Faithful readers may recall my recent pledge to start getting more sleep. Well.
It started out OK. I managed three nights in a row, getting in bed before midnight. Sadly, this is an accomplishment for me.
But then Life was all, “Hey, wait a minute. Who do you think you are, trying to get more sleep? Allow me to reintroduce you to your four children.”
Life loves to do things like that.
And so we were reintroduced, my children and me, at all hours of the night. They all got sick, one by one, and you know how sick kids get up in the night. You’re sleeping all peacefully in your bed, and then you roll over to find a small, silent person staring at you, all Children of the Corn-like.
Then, an eerie whisper.
This scares the heck out of my husband when it happens to him. Which has been, like, two times. I give the man credit–he’s a super hands-on dad–but when our kids are sick, they’re coming to my side of the bed. 18 billion trillion times.

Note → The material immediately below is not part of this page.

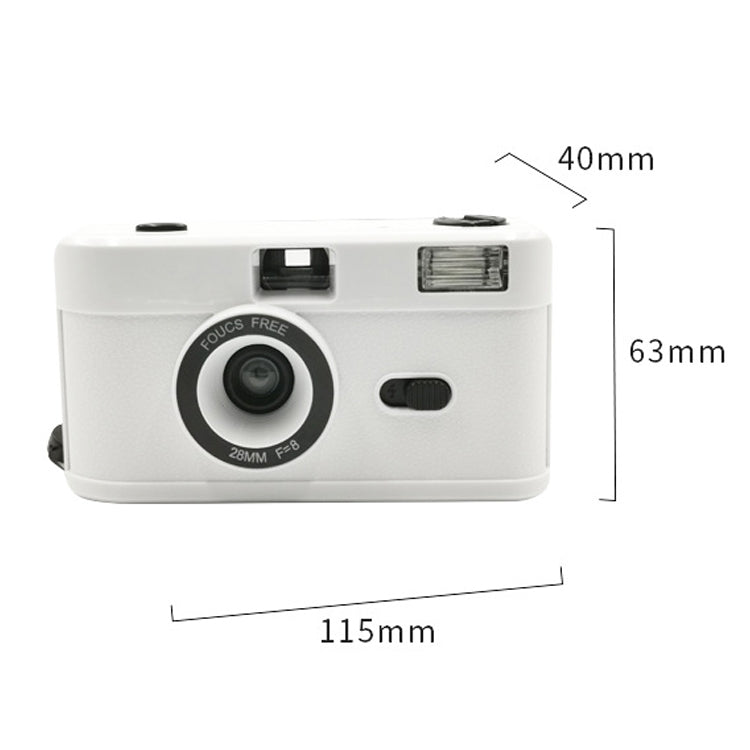 R2-FILM Retro Manual Reusable Film Camera for Children without Film(Black+White) - Consumer Electronics by buy2fix | Online Shopping UK | buy2fix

So last week there was a lot of that. The 2-year-old would be up, whimpering with fever. Holding, soothing, rocking would ensue. I’d finally get him back to sleep, crawl into my bed, and the 4-year-old would be standing there. “My leg hurts,” he’d say. He’s feverish, too. I pour him a shot of ibuprofen and take him back to bed.
“Stay with me, Mama.”
So of course I stay because he’s sick, and that’s what moms do. I climb into his bed on the top bunk and cross my fingers it can handle our weight. We snuggle up and I’m just drifting off…
“I’m firsty,” he says.
We negotiate Gatorade or water, and he finally settles on Gatorade even though I tell him THERE IS NO GATORADE HERE. There is weeping.
I fetch the water and help him drink it from the special bendy straw. “It’s yucky,” he tells me. I climb back into the bunk. I close my eyes.
“My tummy hurts.”
“Go to sleep,” I mumble. “You’ll feel better.”
“I need to frow up,” he says. “I want a bucket.”
I climb down, finally feeling gratitude for the 18 million buckets the grandparents gave the children for Easter.
“Here you go.”
He hangs his head over the bucket and spits a few times. I stand nearby, yawning.
“Do you need anything else?”
No, he insists, and so I climb back into his bunk.
“My leg hurts. I need the heating pad.”
“Of course you do.”
Sleep would finally come for us both about the time the sun would rise. This scenario–or some variant of it–has been playing out a lot lately.
The children seem to be on the upswing, so maybe I’ll do better at meeting my 11 p.m. bedtime goal. Except for tonight, because it’s 10 minutes to 11 already, and here I sit, writing and drinking a Coke.
If only somebody would bring me the heating pad.